Avery Grieco led things off with a base on balls after which Taunton Coach Carrie Consalvi lifted Mendonca to give her a curtain call. Katherine Larson took over in the circle as the Tanners tried to make that move a little premature. Kylie Doolin greeted her with a sharp single but Larson got the next two batters on groundouts that scored Grieco and moved Doolin to third. Jessica Steed then reached on a throwing error that plated Doolin to make it 5-2.
Bettencourt kept the Tanners alive as she blasted a triple to left-center, bringing Steed around to cut the lead to two and put the tying run at the plate. Seeing things slipping away, Consalvi put Mendonca back in the circle and the senior put an end to the drama by getting Emma Bloom to fly out to left to end the game.
“The girls gave it everything they had,” Palmieri said. “After the sixth, I tried to fire them up and they fought right to the end.”

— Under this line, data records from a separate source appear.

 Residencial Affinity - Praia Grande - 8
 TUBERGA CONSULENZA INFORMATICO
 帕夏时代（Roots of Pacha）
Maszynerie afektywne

The teams traded goose eggs through the opening two and a half innings before the Tigers broke the ice in the bottom of the third. No. 9 batter Mia Fernandes led off with a sharp double to center. After she was sacrificed to third, Bettencourt got the second out before Kaysie DeMoura dumped a single to short right, scoring Fernandes.

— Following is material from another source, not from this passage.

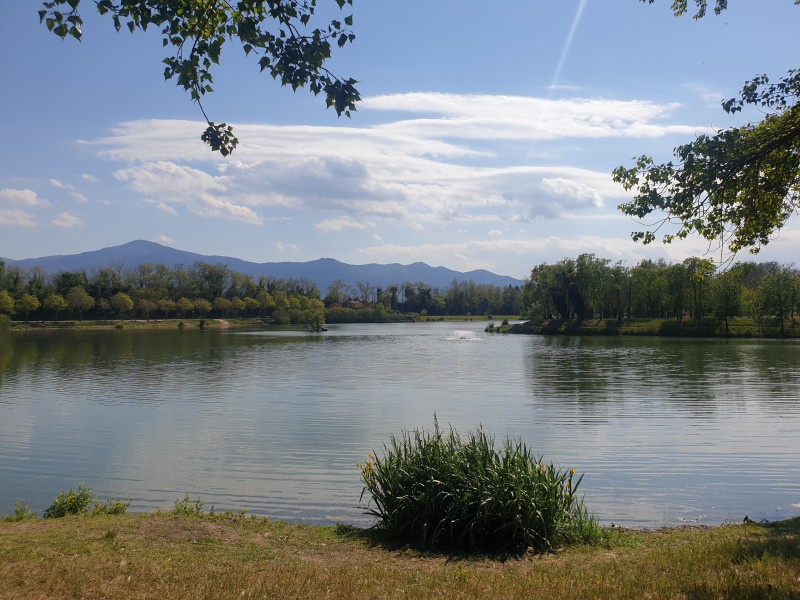 sant marti plan d'eau PO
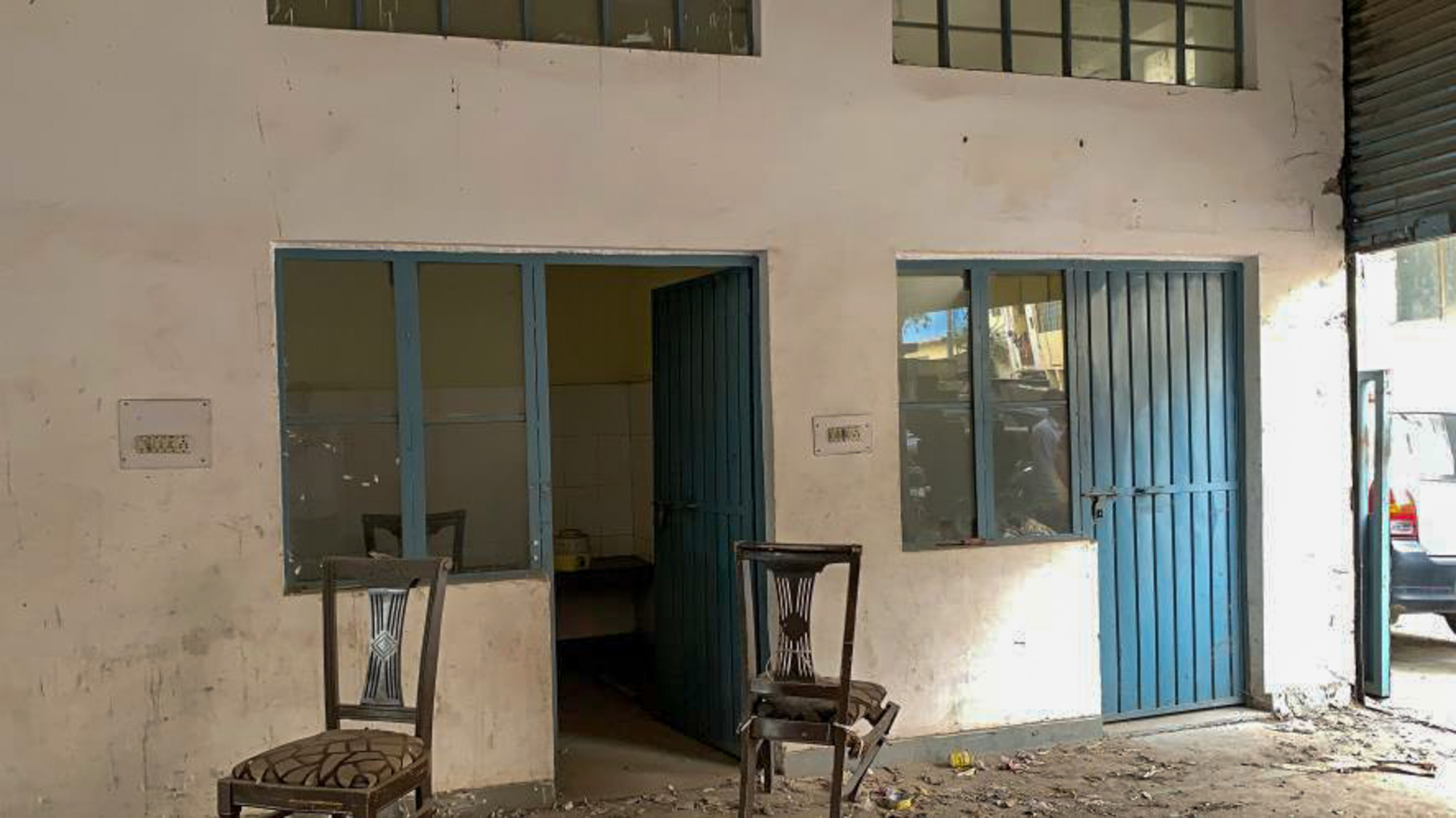 Godowns for Sale in SEMIURBAN, Parwanoo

That run looked especially huge thanks to the groove that Mendonca settled into through the middle innings, retiring 12 of the 14 she faced from the second through fifth innings. Bettencourt also was strong in the middle frames but in the sixth, the Tigers finally broke the dam.
Ava Venturelli got it started with a one out infield single. Haylie Krockta followed up with a double down the left field line to put two runners in scoring position. Shortstop Brittany Aldrich delivered the critical blow as she drilled a triple to the fence in center, scoring Venturelli and Krockta for a 3-0 lead.
Mendonca made it 4-0 on a groundout to second before Kylie Thorpe lifted a ball to right that was just out of the reach of Alanna Sweeney, resulting in Thorpe coming all the way around to make it 5-0 before the Tanners last-ditch effort in the seventh.
Despite coming up short on the big stage, Palmieri could be nothing but proud of her team and knows that getting to Amherst was a great learning experience for a group that returns seven starters next season.
“Now we know what it’s like to get here,” Palmieri said. “It’s our first time at this level and we’re going to be better next season because of it.”
Palmieri also acknowledged the efforts of her two senior starters, Emma Bloom and Terrazzano, who helped in many ways to bring Peabody to the cusp of a title.
“Gina is going to be greatly missed in so many ways,” Palmieri said. “She was the one who brought into what we were doing as coaches. And Emma was just a leader on and off the field in everything.”